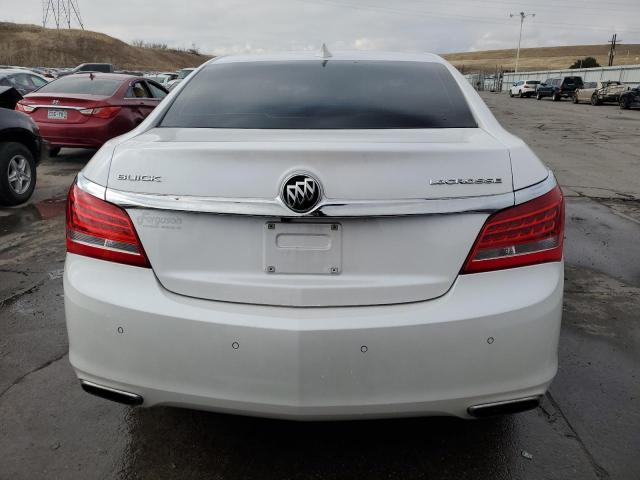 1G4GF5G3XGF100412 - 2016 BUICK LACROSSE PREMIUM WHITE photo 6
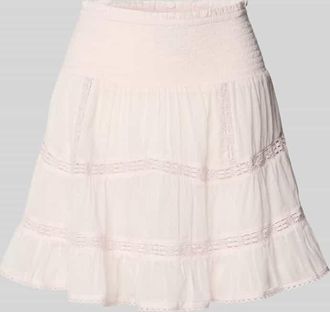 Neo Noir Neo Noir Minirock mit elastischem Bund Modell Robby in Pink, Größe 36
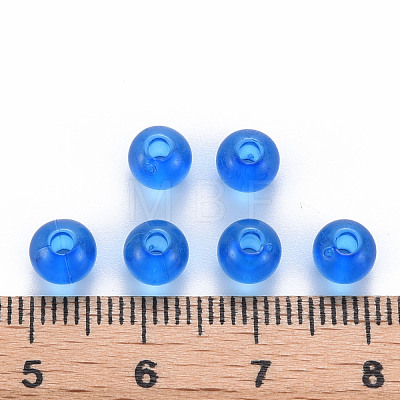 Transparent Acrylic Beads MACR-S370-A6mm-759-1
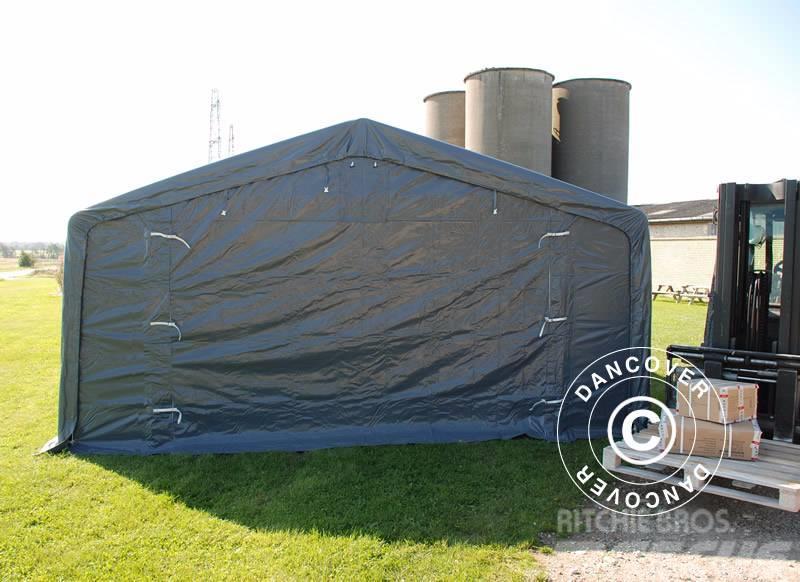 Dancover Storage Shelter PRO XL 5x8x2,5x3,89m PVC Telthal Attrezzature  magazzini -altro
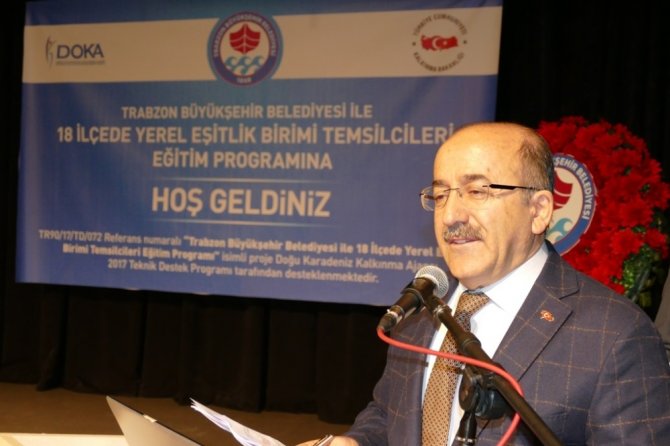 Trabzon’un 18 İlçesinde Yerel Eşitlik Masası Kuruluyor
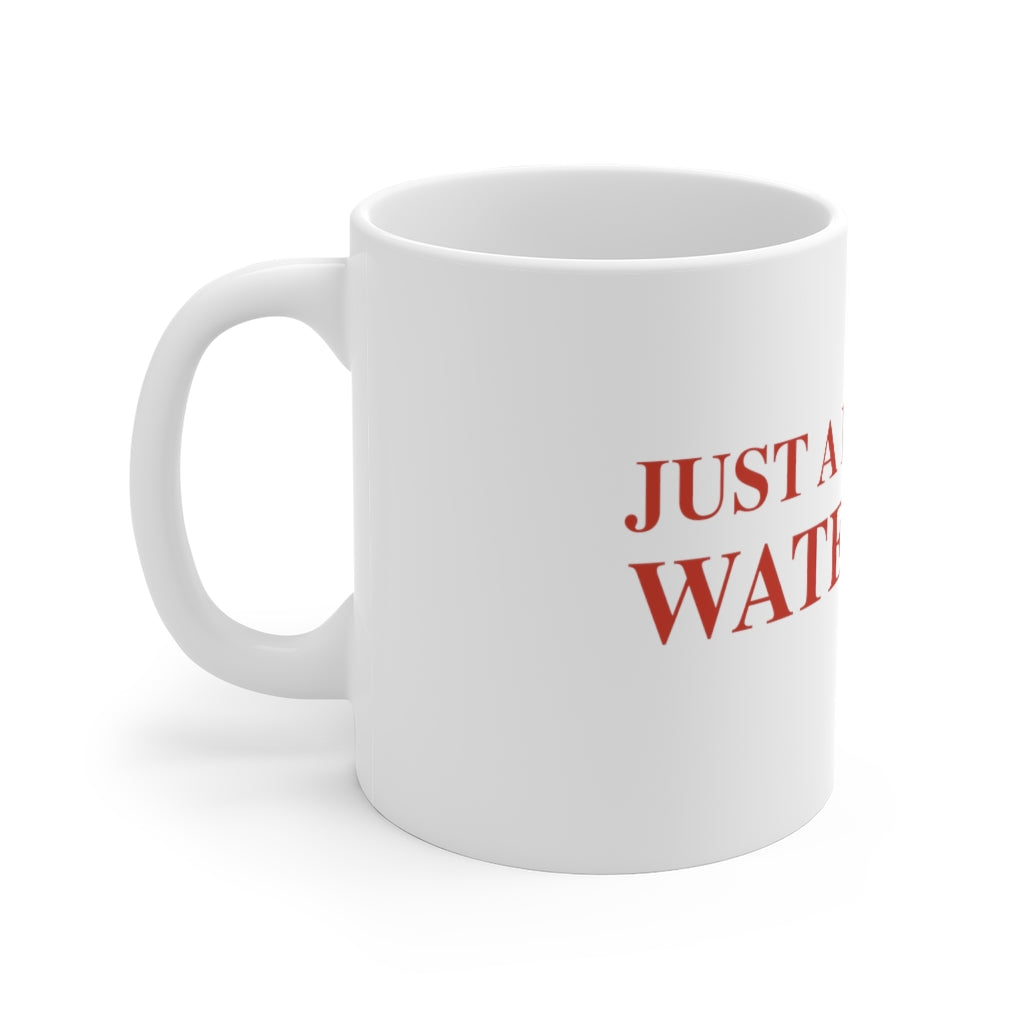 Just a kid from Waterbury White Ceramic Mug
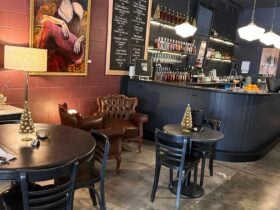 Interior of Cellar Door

# # #

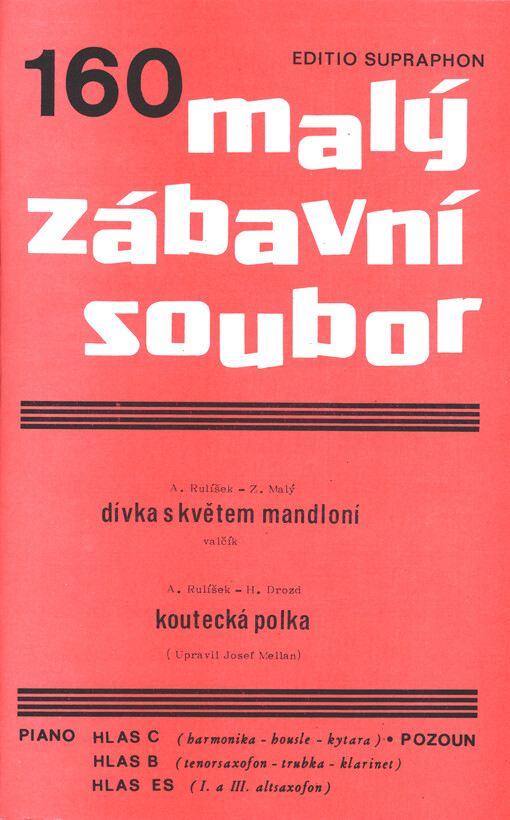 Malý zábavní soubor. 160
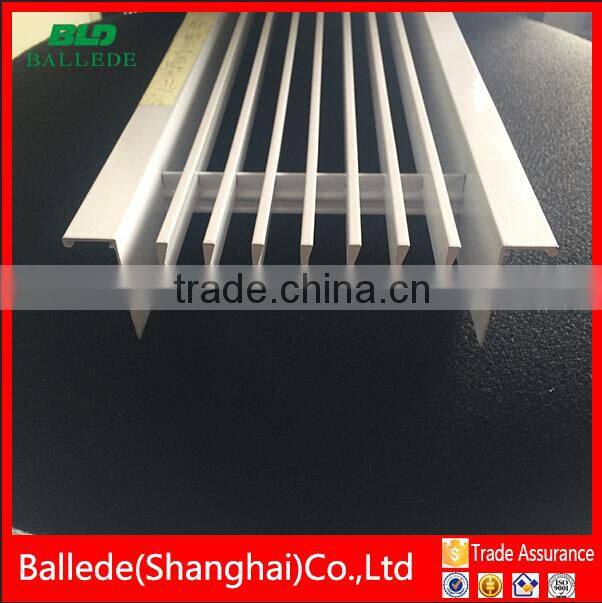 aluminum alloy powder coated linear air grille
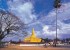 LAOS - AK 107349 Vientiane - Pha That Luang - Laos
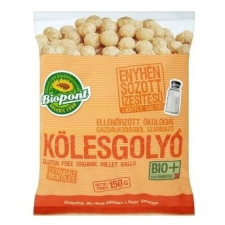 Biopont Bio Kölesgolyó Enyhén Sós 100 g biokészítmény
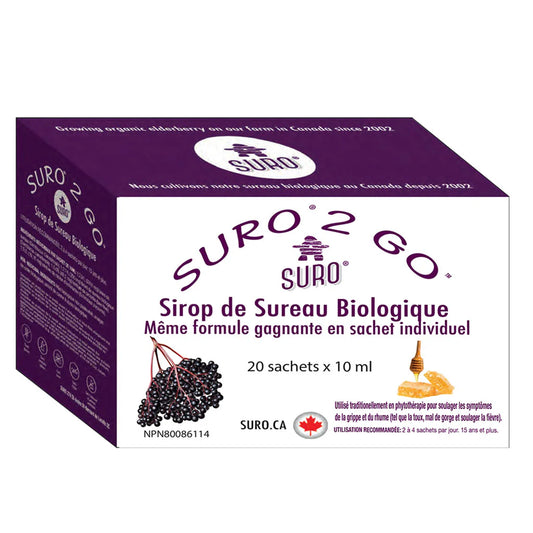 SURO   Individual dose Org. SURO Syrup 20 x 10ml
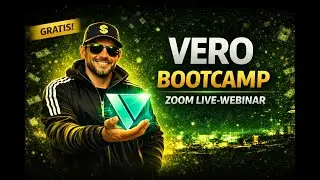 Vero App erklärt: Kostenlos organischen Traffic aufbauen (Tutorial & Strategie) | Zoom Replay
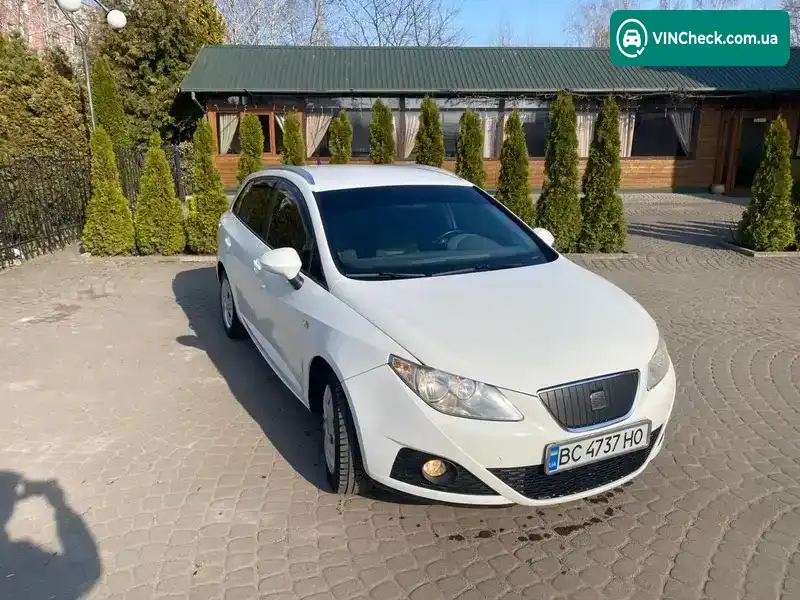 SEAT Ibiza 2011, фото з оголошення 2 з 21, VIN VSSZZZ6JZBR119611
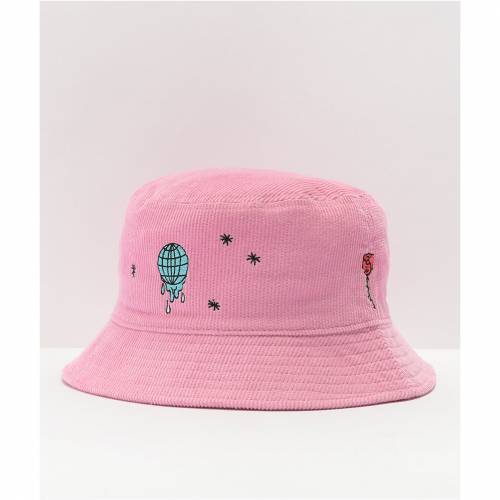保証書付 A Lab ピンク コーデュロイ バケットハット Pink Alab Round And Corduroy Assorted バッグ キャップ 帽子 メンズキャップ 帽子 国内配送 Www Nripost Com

# # #

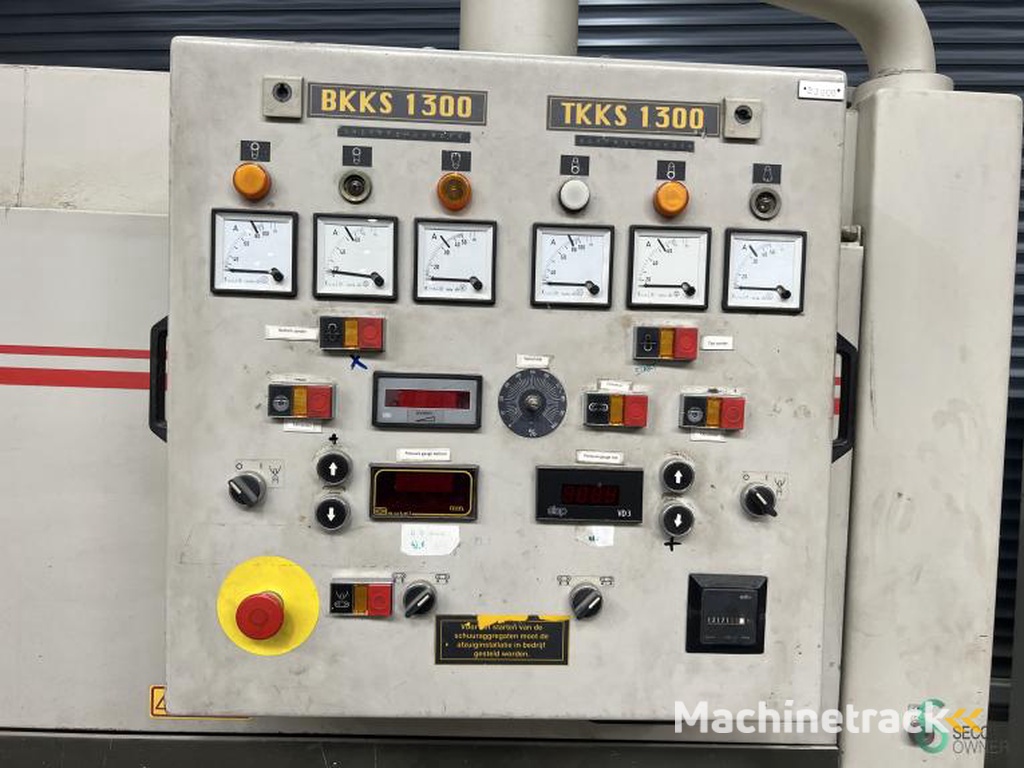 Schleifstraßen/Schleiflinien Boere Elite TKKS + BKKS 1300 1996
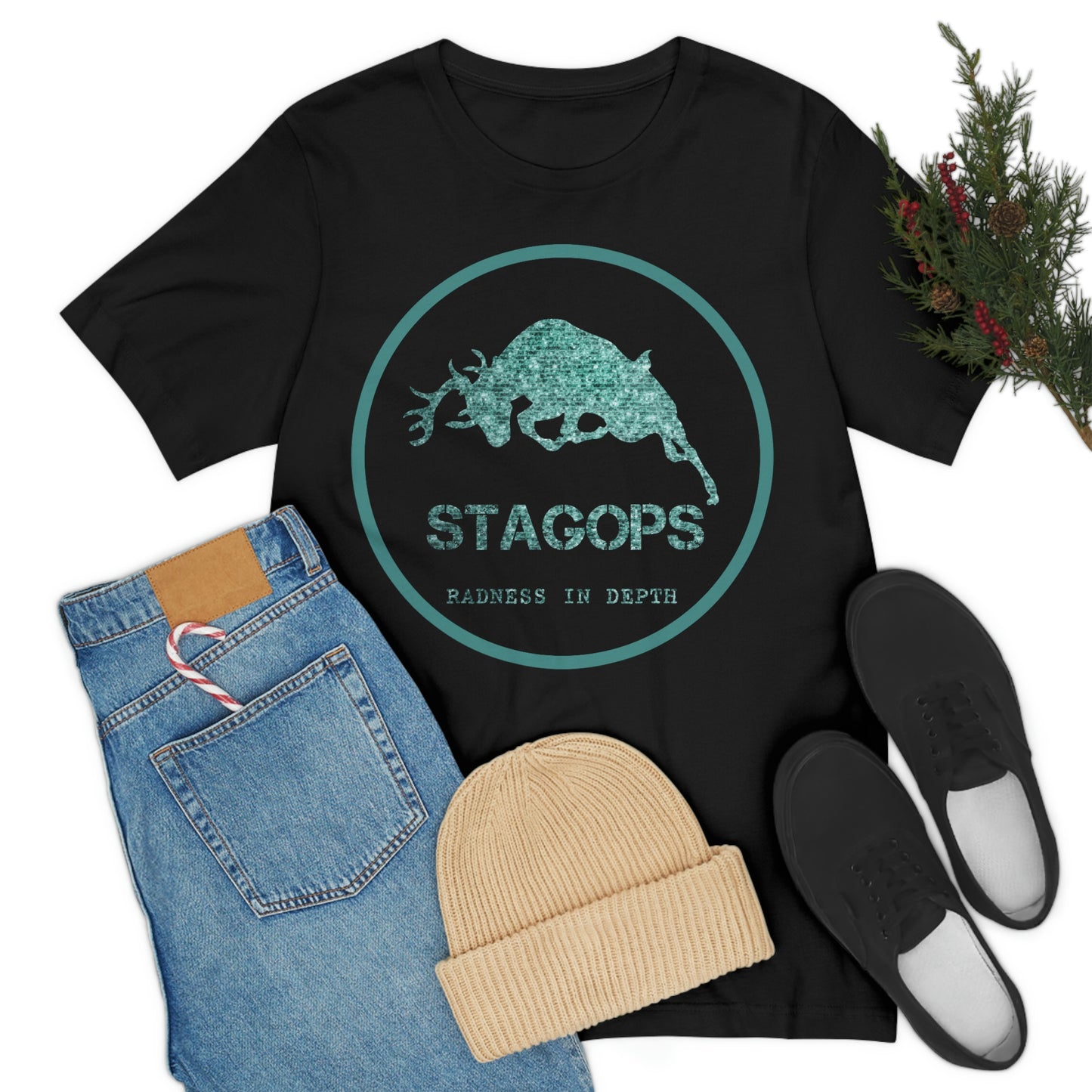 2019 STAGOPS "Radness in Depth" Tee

# # #

# WORK INSTRUCTION:
Among the entries above, copy exactly the stretch from the line holding "1G4GF5G3XGF100412 - 2016" through the line holding "Interior of Cellar Door", leaving out any pictures.

# SOLUTION TO THE EXERCISE:
 1G4GF5G3XGF100412 - 2016 BUICK LACROSSE PREMIUM WHITE photo 6
 Neo Noir Neo Noir Minirock mit elastischem Bund Modell Robby in Pink, Größe 36
 Transparent Acrylic Beads MACR-S370-A6mm-759-1
 Dancover Storage Shelter PRO XL 5x8x2,5x3,89m PVC Telthal Attrezzature  magazzini -altro
 Trabzon’un 18 İlçesinde Yerel Eşitlik Masası Kuruluyor
 Just a kid from Waterbury White Ceramic Mug
 Interior of Cellar Door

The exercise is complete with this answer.